Like this trick is so, you know, like totally four years ago! But I had never done a reverse sodium alginate sphere before. It was really easy...really easy.
And now that I've done one, I can work on removing the air bubbles, and seeing how thin, yet stable, I can make the skin. My plan is to make a piñon horchata sphere with cinnamon orange ice for an amuse this weekend for a dinner I'm catering. Nothing like waiting til the last second.
Hush Public House – Scottsdale, Arizona
53 minutes ago
6 comments:
I had to *cough* google reverse sodium alginate sphere but now that I have a vague idea.....Cool! You really do learn something new every day! (well mostly anyway :P)
This really is an old technique that is IMO no longer cool and never was really an appropriate use in the kitchen. I've had a few and every time they taste fine, but were more of a gimmick than a way of presenting food in a manner that makes it taste better. So what is it? Well, in regular spherification (you'll often hear this called 'caviar'), you take sodium alginate (think seaweed) and put it in a liquid. You then use a syringe to release droplets into a bowl of water with calcium chloride. The droplet hits the water, causing a chemical reaction that forms a skin of gelatin around the ball of liquid...hence caviar. In the reverse process, in this case anyway, you make a liquid with calcium and freeze it. Then you take the frozen sphere, and set in a bath of water with sodium alg, causing the same effect with a larger mass. You then bite into the ball and it bursts with the juices. Again, cool parlor trick, but not necessarily an improvement.

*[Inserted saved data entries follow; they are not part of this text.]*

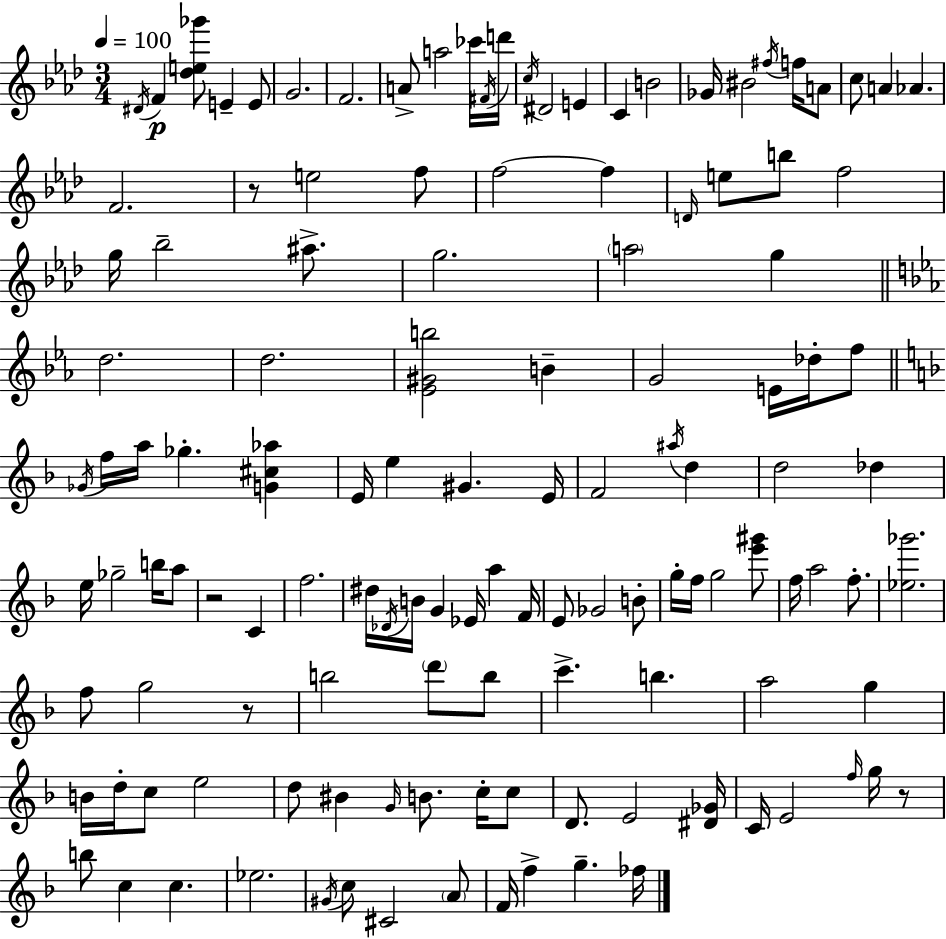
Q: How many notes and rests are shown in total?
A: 128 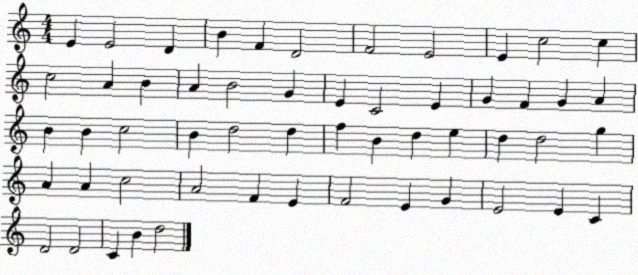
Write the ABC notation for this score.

X:1
T:Untitled
M:4/4
L:1/4
K:C
E E2 D B F D2 F2 E2 E c2 c c2 A B A B2 G E C2 E G F G A B B c2 B d2 d f B d e d d2 g A A c2 A2 F E F2 E G E2 E C D2 D2 C B d2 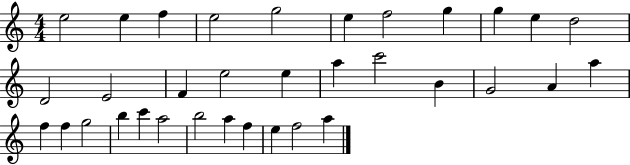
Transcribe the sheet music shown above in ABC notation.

X:1
T:Untitled
M:4/4
L:1/4
K:C
e2 e f e2 g2 e f2 g g e d2 D2 E2 F e2 e a c'2 B G2 A a f f g2 b c' a2 b2 a f e f2 a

Would adding the calcium chloride into the liquid not impart the strange chemical/salty flavour into the sphericated (is that the right word? Sphericised?)? The one and only time I made the normal version, the sphere had to be soaked in water to get rid of it.
Fun though, isn't it? I still bust out the alginate and gluconate-lactate now and then. Who cares if the cool kids still do it?
CalumC - yes, and in fact I made them again for a cater and ended up tossing them. I consulted with Tri2Cook who gave me the other options for the additive which I'll be using next time.
Oh, man. I <3 horchata. It is the Super Rad.